TO DO
Your copy should match the records below word for word and contain no pictures.

MATERIAL FOR THE TASK

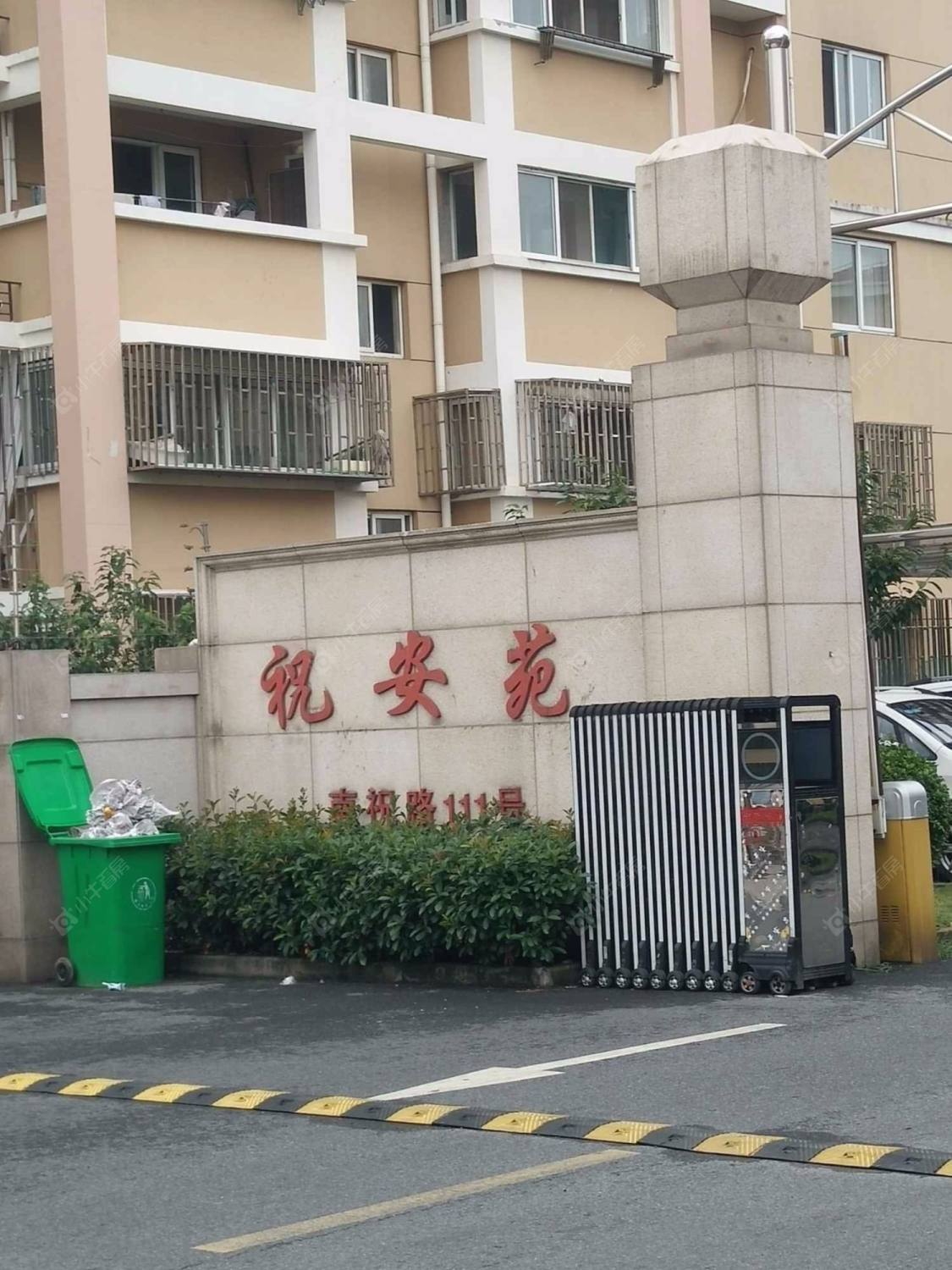 上海祝安苑小区_祝安苑小区null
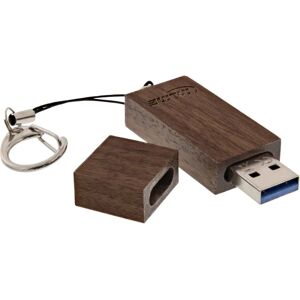 InLine Noyer USB 3.0 64GB Clé USB - USB Type-A InLine Noyer USB 3.0 64GB Clé USB - USB Type-A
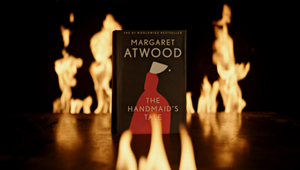 Margaret Atwood and Penguin Random House Fight Censorship with ‘Unburnable’ Edition of The Handmaid’s Tale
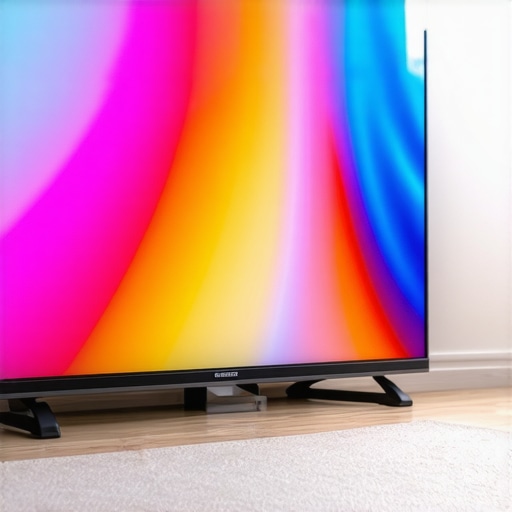 Mini LED TVs with Bright HDR & Contrast for Vivid Visuals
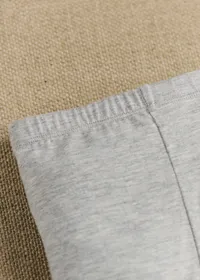 Legging Lilo - Gris Chiné — view 4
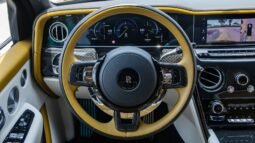 
										2025 Rolls-Royce Cullinan Black Badge full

ANSWER TO THIS PROBLEM
 上海祝安苑小区_祝安苑小区null
 InLine Noyer USB 3.0 64GB Clé USB - USB Type-A InLine Noyer USB 3.0 64GB Clé USB - USB Type-A
 Margaret Atwood and Penguin Random House Fight Censorship with ‘Unburnable’ Edition of The Handmaid’s Tale
 Mini LED TVs with Bright HDR & Contrast for Vivid Visuals
 Legging Lilo - Gris Chiné — view 4
										2025 Rolls-Royce Cullinan Black Badge full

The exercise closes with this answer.